Hey Spark Experts,

After listening to some of you, and the presentations at Spark Summit in
SF, I am transitioning from d-streams to structured streaming however I am
seeing some weird results.

My use case is as follows: I am reading in a stream from a kafka topic,
transforming a message, and writing the transformed message to another
kafka topic.

While running my stream, I can see the transformed messages on the output
topic so I know the basic structure of my stream seems to be running as
intended.

Inside my transformation, I am logging the total transform time as well as
the raw message being transformed. (Java by the way)

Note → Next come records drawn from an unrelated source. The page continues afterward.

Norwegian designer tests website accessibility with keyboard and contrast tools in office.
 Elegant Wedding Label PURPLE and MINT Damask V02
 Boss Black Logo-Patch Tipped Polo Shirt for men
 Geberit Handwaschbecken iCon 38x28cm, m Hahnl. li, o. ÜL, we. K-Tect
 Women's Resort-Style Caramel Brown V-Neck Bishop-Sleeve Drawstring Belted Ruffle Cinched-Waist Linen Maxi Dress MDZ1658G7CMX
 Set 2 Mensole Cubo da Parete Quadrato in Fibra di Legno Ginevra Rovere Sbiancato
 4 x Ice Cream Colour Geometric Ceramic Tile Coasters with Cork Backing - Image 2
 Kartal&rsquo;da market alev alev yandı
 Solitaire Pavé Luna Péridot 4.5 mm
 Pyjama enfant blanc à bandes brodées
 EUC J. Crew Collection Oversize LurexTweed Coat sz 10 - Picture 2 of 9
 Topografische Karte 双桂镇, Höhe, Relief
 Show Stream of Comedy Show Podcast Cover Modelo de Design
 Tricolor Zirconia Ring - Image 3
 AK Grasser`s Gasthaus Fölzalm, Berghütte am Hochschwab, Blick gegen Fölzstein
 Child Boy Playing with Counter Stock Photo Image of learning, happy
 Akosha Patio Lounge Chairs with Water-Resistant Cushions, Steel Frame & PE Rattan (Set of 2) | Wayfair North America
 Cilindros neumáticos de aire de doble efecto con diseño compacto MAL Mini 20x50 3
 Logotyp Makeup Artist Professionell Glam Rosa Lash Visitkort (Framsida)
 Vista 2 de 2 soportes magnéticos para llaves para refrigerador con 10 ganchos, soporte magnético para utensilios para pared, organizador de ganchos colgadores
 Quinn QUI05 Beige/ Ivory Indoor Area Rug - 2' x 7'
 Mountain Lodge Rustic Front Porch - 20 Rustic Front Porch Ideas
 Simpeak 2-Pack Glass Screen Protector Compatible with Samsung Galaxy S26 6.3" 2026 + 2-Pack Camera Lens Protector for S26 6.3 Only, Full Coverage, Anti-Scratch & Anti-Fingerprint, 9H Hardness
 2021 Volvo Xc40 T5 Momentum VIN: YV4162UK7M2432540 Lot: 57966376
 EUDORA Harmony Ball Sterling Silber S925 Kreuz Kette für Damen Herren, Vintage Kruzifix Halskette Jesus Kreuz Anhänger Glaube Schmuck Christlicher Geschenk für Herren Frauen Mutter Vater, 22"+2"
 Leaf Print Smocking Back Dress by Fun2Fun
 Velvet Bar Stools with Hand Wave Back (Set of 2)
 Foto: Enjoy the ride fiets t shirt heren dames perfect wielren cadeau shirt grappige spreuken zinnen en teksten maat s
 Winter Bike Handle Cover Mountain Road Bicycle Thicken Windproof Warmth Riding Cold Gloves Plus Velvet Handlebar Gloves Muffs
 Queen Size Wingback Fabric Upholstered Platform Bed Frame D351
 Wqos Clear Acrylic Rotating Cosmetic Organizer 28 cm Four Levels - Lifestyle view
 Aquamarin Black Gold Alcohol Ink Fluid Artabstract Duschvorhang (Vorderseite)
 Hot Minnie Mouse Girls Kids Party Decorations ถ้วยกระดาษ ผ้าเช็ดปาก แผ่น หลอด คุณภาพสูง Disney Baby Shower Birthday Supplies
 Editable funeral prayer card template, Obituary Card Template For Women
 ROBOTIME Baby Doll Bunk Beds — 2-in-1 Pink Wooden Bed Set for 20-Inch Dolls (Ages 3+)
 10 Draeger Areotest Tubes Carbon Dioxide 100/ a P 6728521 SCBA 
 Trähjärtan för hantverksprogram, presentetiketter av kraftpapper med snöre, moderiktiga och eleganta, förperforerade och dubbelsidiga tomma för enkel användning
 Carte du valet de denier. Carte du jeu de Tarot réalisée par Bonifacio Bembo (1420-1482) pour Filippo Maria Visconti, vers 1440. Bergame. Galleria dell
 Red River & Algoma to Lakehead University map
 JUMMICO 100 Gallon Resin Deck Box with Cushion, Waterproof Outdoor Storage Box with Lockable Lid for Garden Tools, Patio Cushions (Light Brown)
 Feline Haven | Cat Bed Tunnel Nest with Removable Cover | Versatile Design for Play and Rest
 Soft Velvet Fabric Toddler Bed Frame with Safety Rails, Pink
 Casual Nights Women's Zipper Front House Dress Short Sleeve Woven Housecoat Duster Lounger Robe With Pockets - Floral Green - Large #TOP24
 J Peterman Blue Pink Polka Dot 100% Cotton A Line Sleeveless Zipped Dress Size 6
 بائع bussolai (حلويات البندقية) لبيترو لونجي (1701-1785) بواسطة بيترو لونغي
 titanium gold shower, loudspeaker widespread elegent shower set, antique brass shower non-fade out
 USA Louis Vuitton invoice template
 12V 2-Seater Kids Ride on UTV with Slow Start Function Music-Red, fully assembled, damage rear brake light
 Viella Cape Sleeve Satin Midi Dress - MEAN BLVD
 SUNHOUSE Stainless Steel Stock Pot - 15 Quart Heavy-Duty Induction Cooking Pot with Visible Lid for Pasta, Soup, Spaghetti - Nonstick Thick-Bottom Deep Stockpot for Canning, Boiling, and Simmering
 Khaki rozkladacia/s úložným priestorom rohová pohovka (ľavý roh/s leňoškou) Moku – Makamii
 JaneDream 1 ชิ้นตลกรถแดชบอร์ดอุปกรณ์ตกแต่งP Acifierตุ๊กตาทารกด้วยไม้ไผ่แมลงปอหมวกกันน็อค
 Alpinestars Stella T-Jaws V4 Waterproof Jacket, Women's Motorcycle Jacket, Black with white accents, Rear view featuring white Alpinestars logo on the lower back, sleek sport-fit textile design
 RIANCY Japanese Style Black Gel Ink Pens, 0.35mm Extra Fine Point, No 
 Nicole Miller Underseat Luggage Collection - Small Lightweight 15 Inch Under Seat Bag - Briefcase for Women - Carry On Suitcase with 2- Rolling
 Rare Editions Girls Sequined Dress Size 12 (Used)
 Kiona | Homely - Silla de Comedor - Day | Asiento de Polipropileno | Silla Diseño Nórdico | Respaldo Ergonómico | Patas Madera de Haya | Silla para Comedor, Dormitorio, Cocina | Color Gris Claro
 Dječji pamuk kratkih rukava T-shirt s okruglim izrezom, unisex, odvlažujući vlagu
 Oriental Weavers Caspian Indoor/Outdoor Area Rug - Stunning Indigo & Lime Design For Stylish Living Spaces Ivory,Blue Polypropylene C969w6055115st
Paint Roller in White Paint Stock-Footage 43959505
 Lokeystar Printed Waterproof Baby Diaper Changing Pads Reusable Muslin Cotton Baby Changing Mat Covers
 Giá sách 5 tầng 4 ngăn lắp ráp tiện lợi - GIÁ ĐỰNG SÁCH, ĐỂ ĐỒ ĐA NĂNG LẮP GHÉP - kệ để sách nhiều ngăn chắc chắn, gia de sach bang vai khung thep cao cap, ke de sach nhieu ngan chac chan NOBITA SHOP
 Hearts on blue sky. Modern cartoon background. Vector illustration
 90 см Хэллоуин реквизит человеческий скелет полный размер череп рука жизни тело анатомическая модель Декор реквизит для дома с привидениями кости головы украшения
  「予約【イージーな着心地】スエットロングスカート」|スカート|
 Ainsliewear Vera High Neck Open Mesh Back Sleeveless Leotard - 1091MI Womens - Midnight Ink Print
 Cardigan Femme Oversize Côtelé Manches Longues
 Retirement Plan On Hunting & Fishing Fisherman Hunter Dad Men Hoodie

The 2 weird things I am seeing:
1) I am seeing that the consumer lag for this particular consumer group on
the input topic is increasing. This does not make sense to me - looking at
the transform time from the logs, it should easily be able to handle the
incoming feed. To give an example the transform times are < 10 ms per
record and the sample of data does not contain > 100 messages per second.
The stream should be reducing consumer lag as it runs (especially
considering multiple workers and partitions)

2) I am seeing the same log transformation messages over and over on the
dataproc spark cluster logs. For example, I am currently looking at my logs
and the last 20+ log messages are the exact same

I thought 2 may be due to offsets not being handled correctly, but I am
seeing a reasonable range of transformed messages on the target topic, and
I'm using the built in checkpointing for spark to handle the offsets for me.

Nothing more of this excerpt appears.